Ce « Want two » est un disque ambitieux, résultant des séances qui avaient également produit « Want one » quelques mois plus tôt. Il faut être assez sûr de soi et de son talent pour commencer un disque par un titre incantatoire en latin (« Agnus Dei »), prière sublime qui jette un pont entre le « Hallelujah » version Jeff Buckley et le qawwali de Nusrat Fateh Ali Khan. Un titre qui d’entrée file des frissons. « The one you love » qui suit est la chanson pop parfaite, forcément sous forte influence anglaise de la chose, avec chœurs féminins séraphiques.
Après pareille entame, on se dit que l’on tient là un très grand disque. Et puis, insidieusement, on déchante. Tout le cœur du Cd repose sur des tempos traînants, avec piano omniprésent, et clins d’œil plus qu’appuyés à la musique classique ou baroque. Et un parti pris souvent agaçant de chanter dans un registre proche de celui de Jeff Buckley, la qualité d’écriture en moins. Ce n’est d’ailleurs pas un hasard si « Memphis Skyline » est un hommage au noyé du Mississippi … Et à la longue, cette préciosité de l’instrumentation, ces parties de piano chiadées, cette voix affectée et maniérée, finissent par lasser.
Bon, des disques plus pénibles que celui-là, on en connaît. Des tas, même. Et il faut reconnaître que Wainwright sait composer, mais pendant une demi-heure on a l’impression d’entendre toujours le même titre.
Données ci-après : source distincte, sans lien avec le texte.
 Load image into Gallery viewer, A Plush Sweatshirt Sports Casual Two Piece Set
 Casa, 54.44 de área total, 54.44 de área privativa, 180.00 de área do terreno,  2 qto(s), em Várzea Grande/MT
Et par un curieux effet de symétrie, il faut arriver aux dernières plages pour retrouver la qualité aperçue au début. « Crumb by crumb », pop planante et psychédélique, comme une chute de « Meddle » du Floyd, le duo avec Antony (des Johnsons), sur lequel l’empilement de vibrato de l’irréelle voix de l’Anglais fait merveille, sur une structure rythmique qui n’est pas sans rappeler celles des Talking Heads période « Remain in light ». Beaucoup plus anecdotique est la courte reprise d’un titre d’Arletty chantée, une fois n’est pas coutume quand il s’agit d’anglo-saxons, dans un français très compréhensible (Rufus Wainwright est à peu près bilingue).
Il faut aussi évoquer l’homosexualité revendiquée de Wainwright, car le thème revient dans certains titres, notamment un « Gay Messiah », qui vaut plus par le caractère iconoclaste du texte que par l’accompagnement musical.
En définitive, un disque quelque peu frustrant, car on a l’impression, malgré une bonne poignée d’excellents morceaux, que Rufus Wainwright est passé à côté de la réalisation d’une œuvre majeure.